__What is needed__. Starting at the first line of the entries below, please return exactly each line up to and including the one with "Václav Klaus hovoří"; pictures stay out.
┌─ Extracted information
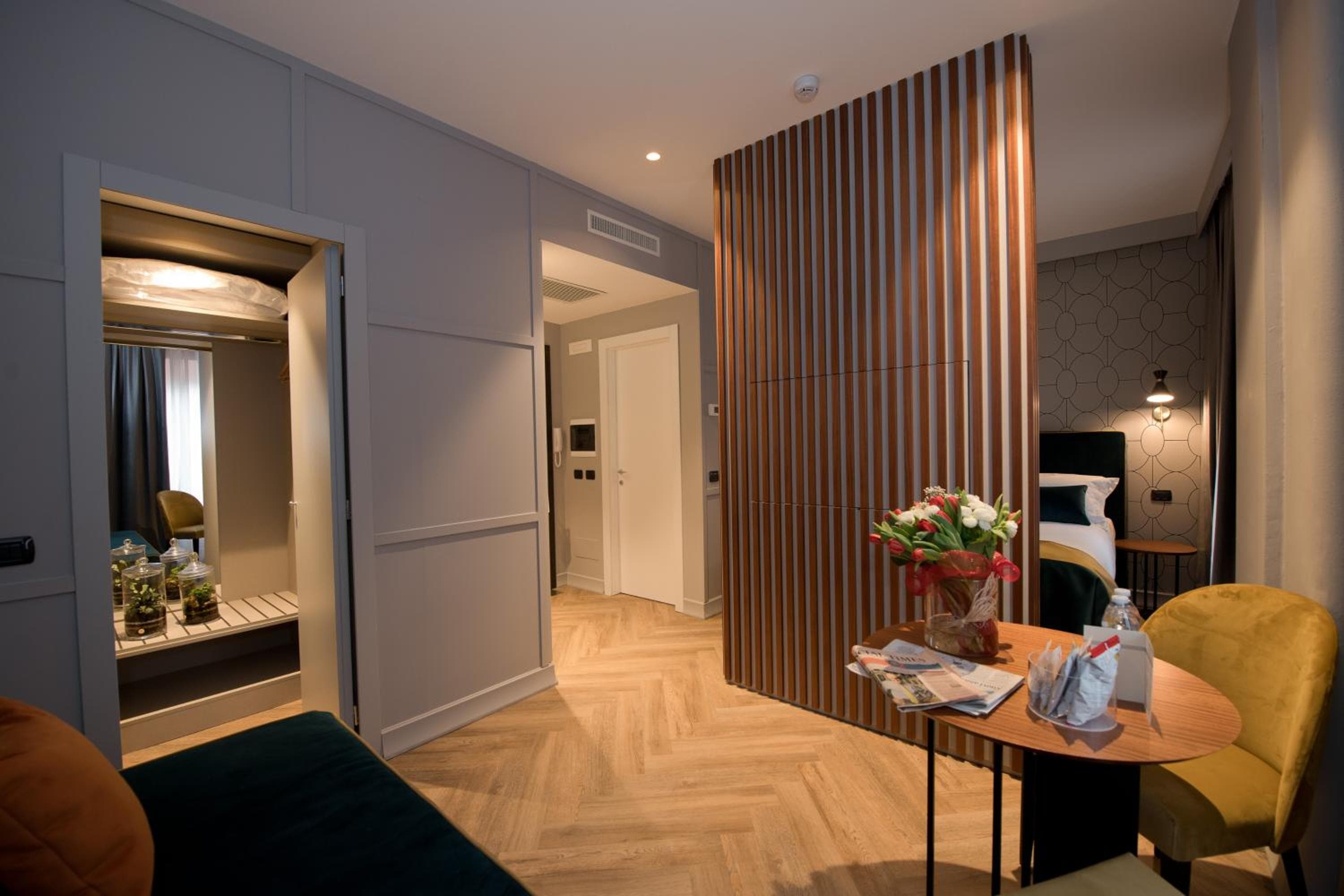 Duomo Hotel & Apartments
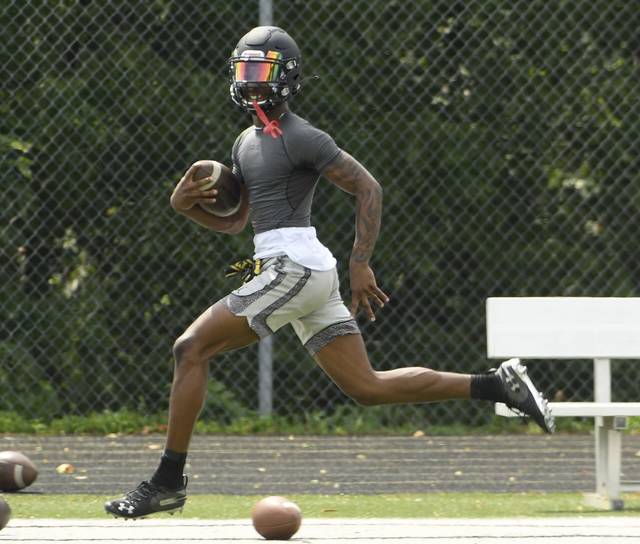 Gateway seniors cap high school career at East-West all-star game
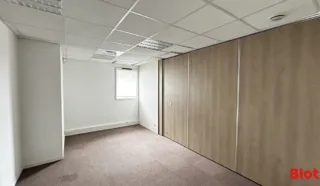  BUREAUX 221 m² ST GREGOIRE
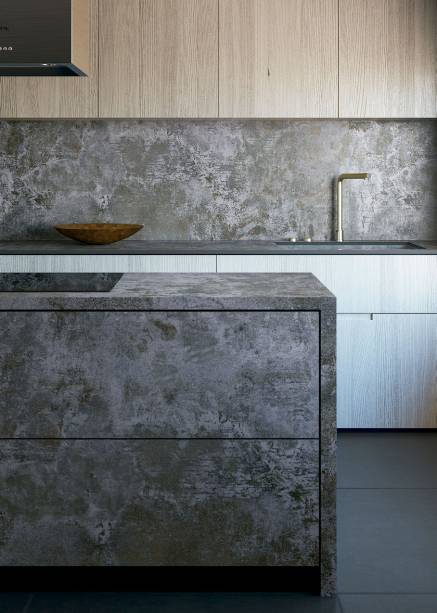 O Dekton (Cosentino), modelo Orix, é feito de minerais naturais. Vendido em placas de 3,20 x 1,44 m, custa a partir de 3 mil reais, o m².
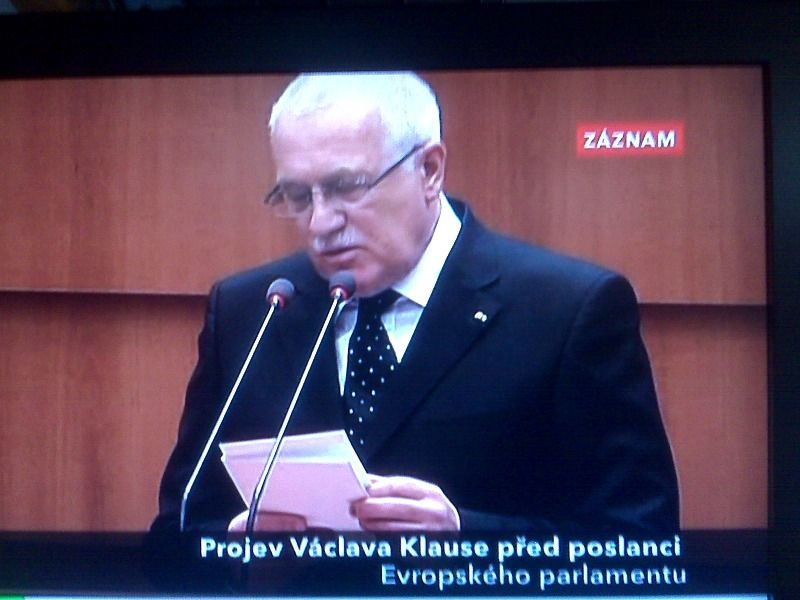 Václav Klaus hovoří v Bruselu, europoslanci bučí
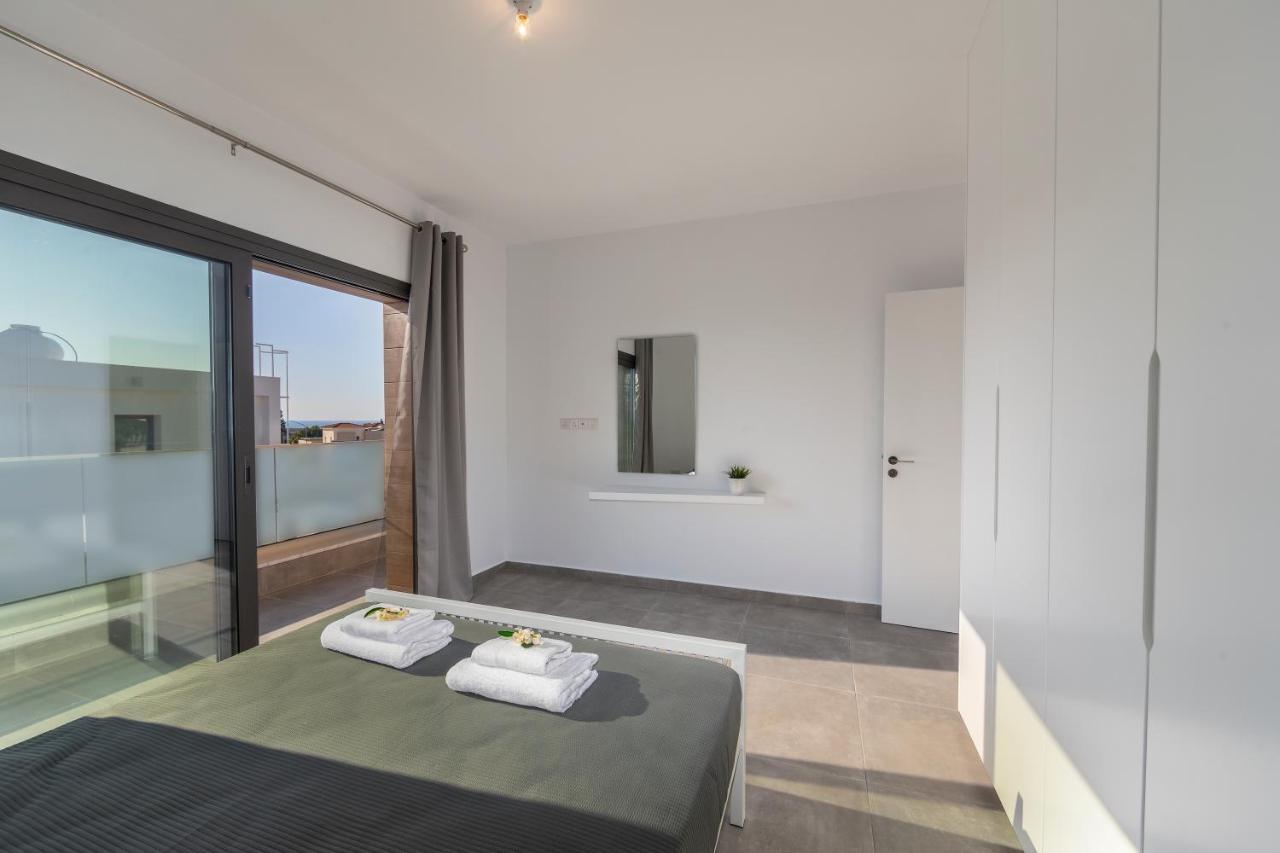 Villa Andre, Walking Distance To Coral Bay Peyia Exterior photo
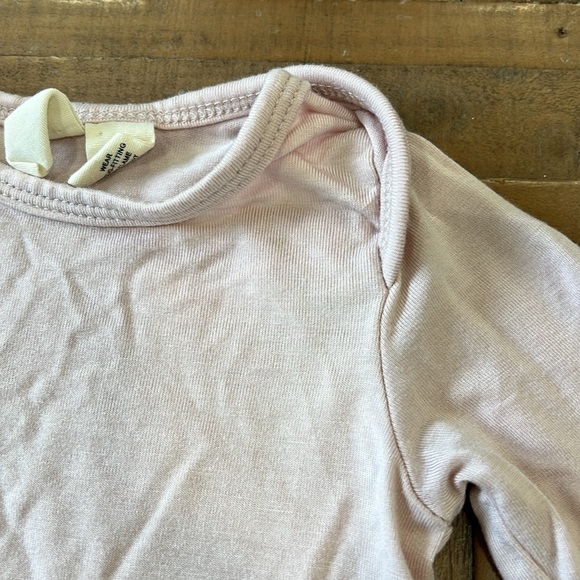 Kyte Baby pale pink bamboo long sleeve shirt - Picture 3 of 7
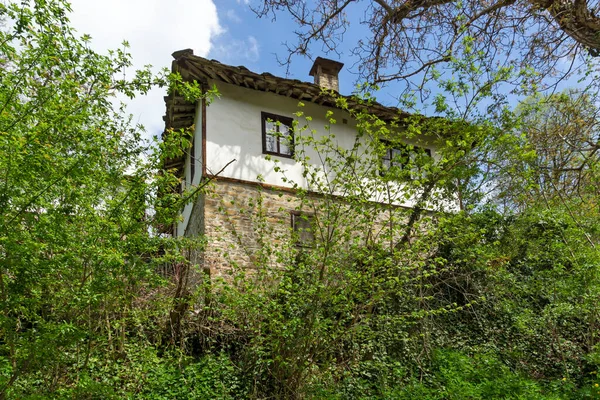 Bulgaristan Gabrovo Bölgesinin Tarihi Bozhentsi Köyündeki Tipik Sokak Eski Evler — Stok fotoğraf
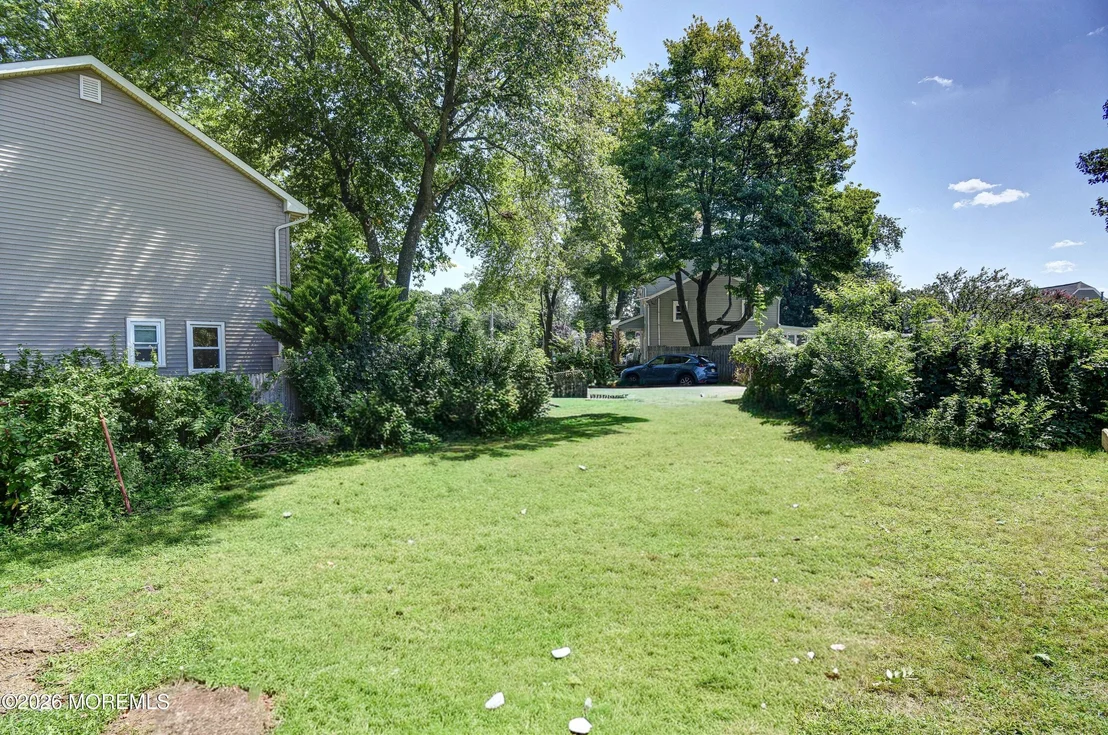 Photo of 753 Lorraine Drive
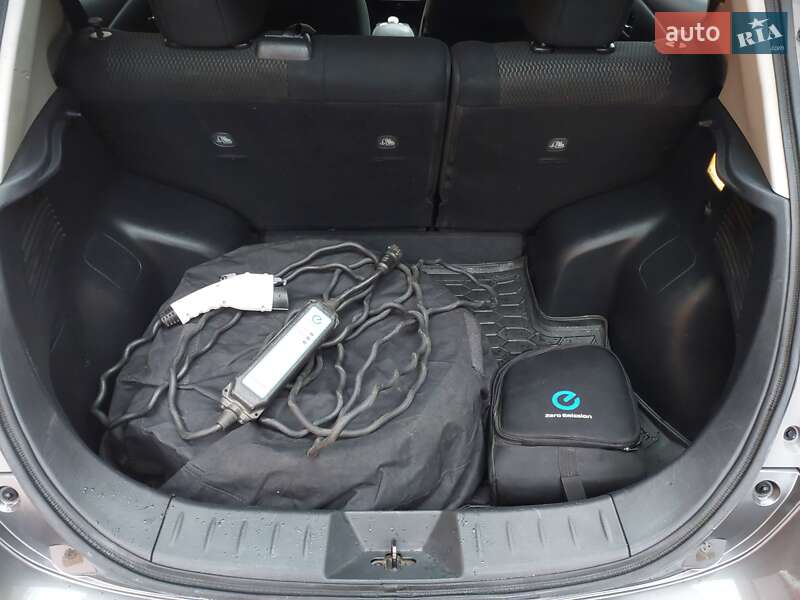 Хэтчбек Nissan Leaf 2015 в Харькове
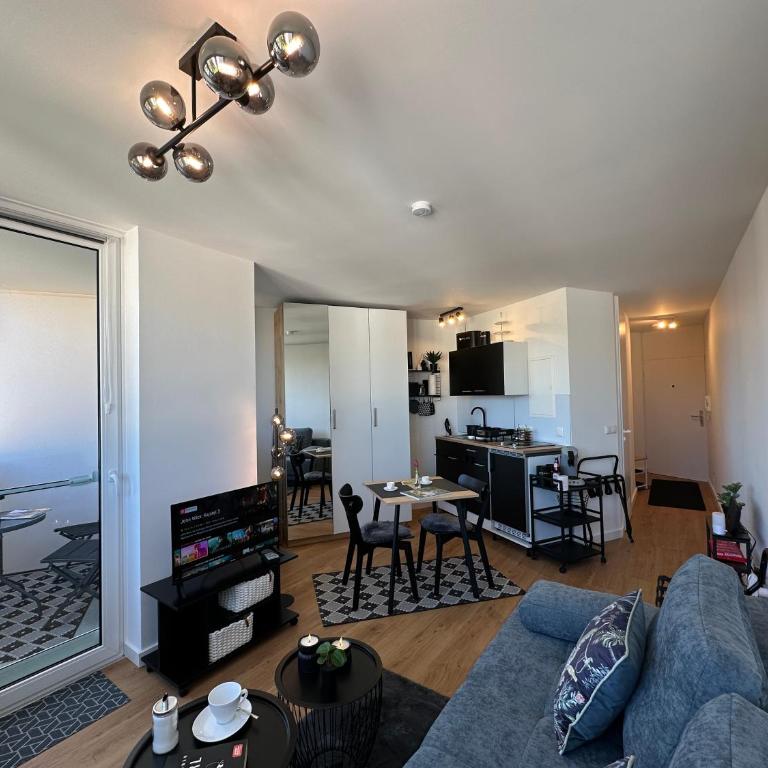 Modernes Loggia-Apartment mit dezentem Bergblick in Kempten im Allgäu - Appartamento con 1 Camera da Letto - 4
└─
__Answer for the task__.
 Duomo Hotel & Apartments
 Gateway seniors cap high school career at East-West all-star game
  BUREAUX 221 m² ST GREGOIRE
 O Dekton (Cosentino), modelo Orix, é feito de minerais naturais. Vendido em placas de 3,20 x 1,44 m, custa a partir de 3 mil reais, o m².
 Václav Klaus hovoří v Bruselu, europoslanci bučí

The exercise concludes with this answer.